Welcome! I hope everyone has a terrific 4th of July, if you’re in the United States. Actually, have a great one no matter where you are. The world could use a little fun right about now.
Defining generations
Pet peeve: People complaining about “Millenials” when they really mean Gen Z.
The problem: as we age, we all don’t update our generational frame of reference.
The solution: A handy generational breakdown by birthdate, not age, which is the consistent way to think about generational divisions:
Baby Boomers: Baby boomers were born between 1944 and 1964. They're current between 56-76 years old (76 million in U.S.)
Gen X: Gen X was born between 1965 - 1979 and are currently between 41-55 years old (82 million people in U.S.)
Gen Y: Gen Y, or Millennials, were born between 1980 and 1994. They are currently between 26-40 years old.
Gen Z: Gen Z is the newest generation to be named and were born between 1995 and 2015. They are currently between 5-25 years old (nearly 74 million in U.S.)
The next time you shake your fist in anger at the kids, at least you’ll have the right generational letter.
(Now get off my lawn.)
The Artist’s Way, Week Five
Recovering a sense of possibility
This week focuses on the limiting beliefs around what we can accomplish. If God is driving our creativity, and he’s limitless, then why would we dismiss what can be accomplished through him?
Key ideas: Limits
• We draw limited amounts of God’s power because we don’t consider how powerful he really is.
• God is unlimited in supply — we deprive no one with our abundance.
• We should be willing to receive our good from whatever source it appears in, and not from our preconceived notions of where it should come from
• The desire to appear worldly and sophisticated can block our source and creative flow.
• God will provide. We must listen for how.
• “You must first be who you really are, then, do what you need to do, in order to have what you want” — Margaret Young
In short: take the governor off your expectations.
The greatest value
The morning pages — writing ~750 words first thing each morning — remain massively valuable and drive about 90% of the book’s value.
Writing the morning pages clears out anxiety, limiting beliefs, and a bunch of other mental garbage you don’t even know you’re carrying around with you.
With your mind cleared, you’re freer to be productive and creative the rest of the day.
How to lead a writing group (when you don’t know what you’re doing)
With the help of some good advice (thanks Kevin!) I applied for, and later accepted, an alumni mentor role in the Write of Passage online course.
This cohort has over 300 students from 30 countries, including a two-time NYT best selling author, the founder of a major online newsletter company, and various others with generally intimidating accomplishments.

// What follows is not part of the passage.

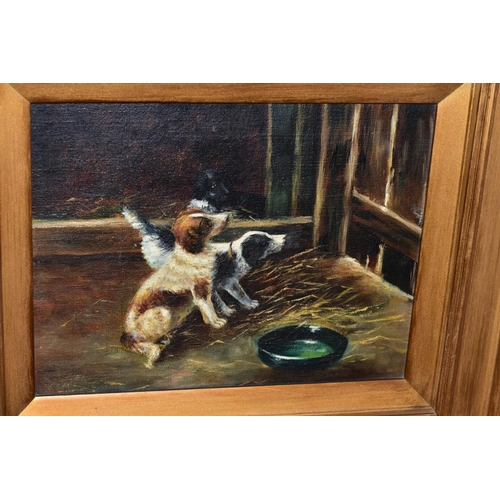 603 - ATTRIBUTED TO S.A. MORDECAI, late 19th/early 20th Century Terrier dogs waiting in a barn, indistinct...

My role is to lead a weekly writing group of about 15 of these students as they work through the assignments and develop a lasting process for writing online.

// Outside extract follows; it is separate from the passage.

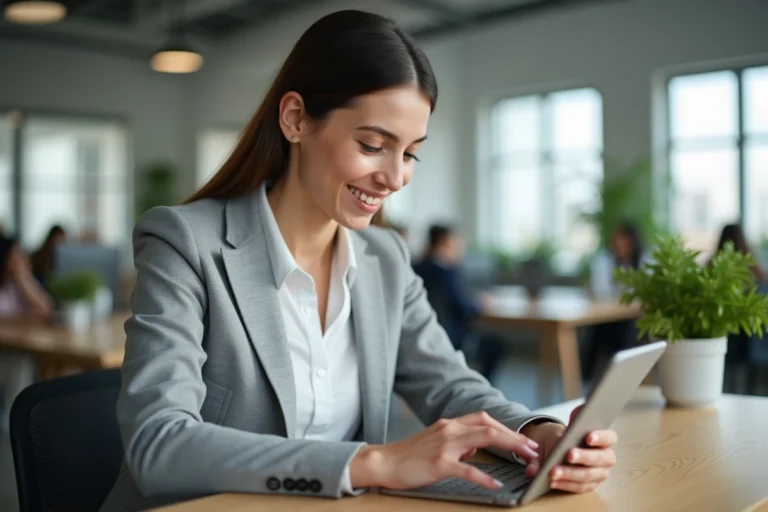 Femme professionnelle utilisant l'application Voplav sur smartphone dans un bureau moderne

For me, this is fake-it-till-you-make-it, out loud and in public.
So I jotted down my philosophy for leading my group:
And after God and my family, what keeps me going through a difficult and lengthy career transition is process.
In particular, the process of fitness training, and the process of writing.

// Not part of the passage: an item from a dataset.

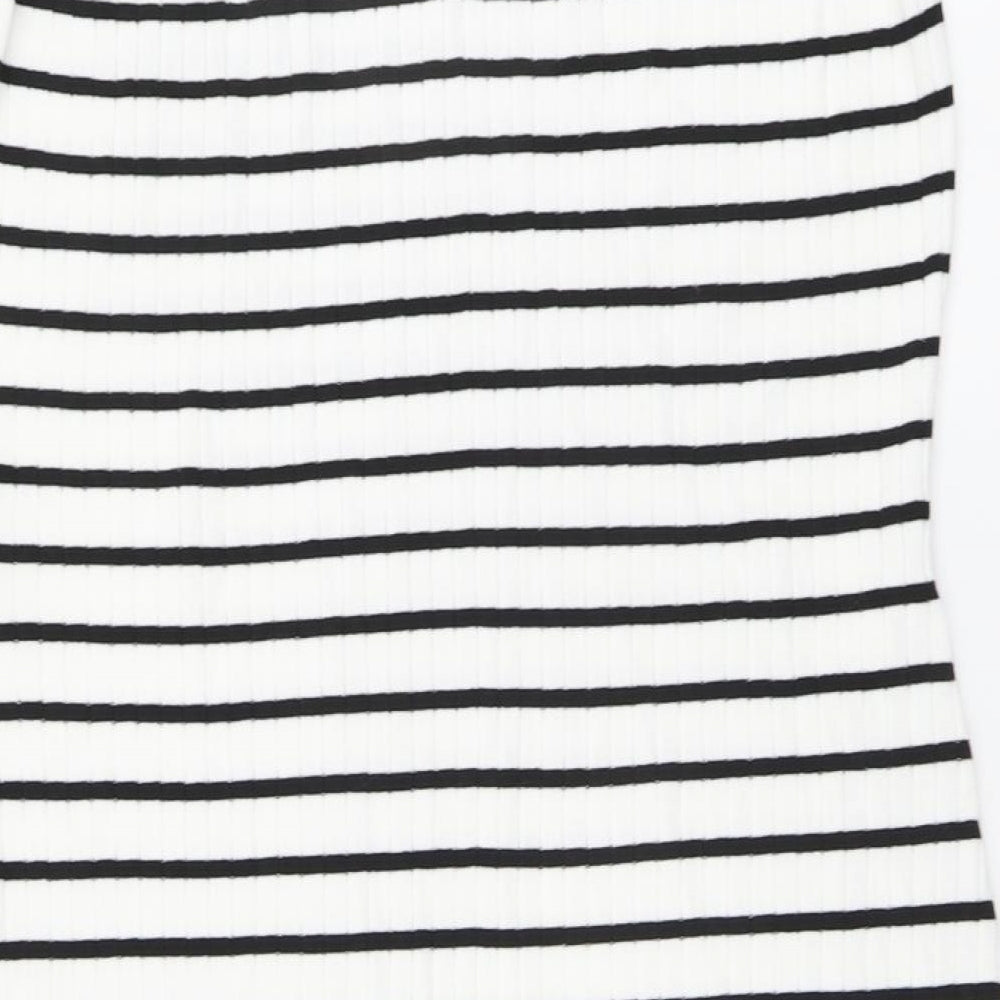 New Look Womens White Striped Viscose Tank Dress Size 20 V-Neck Pullover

There are a lot of parallels between fitness training and writing: the mental discipline, the consistency of effort, and the struggle and satisfaction of completing that day’s work.
I want to create that kind shared experience in our Write of Passage writing group.
We will lean on and lean into @david_perell’s process,
We will encourage each other to advance—at a speed that works for each of us individually
We will celebrate our efforts, and then surrender the results, letting a higher power handle the outcomes of what we publish.
Rigor, effort, encouragement.
We will take satisfaction in the effort and in helping each other advance and improve.
Handle those, and the results will take care of themselves.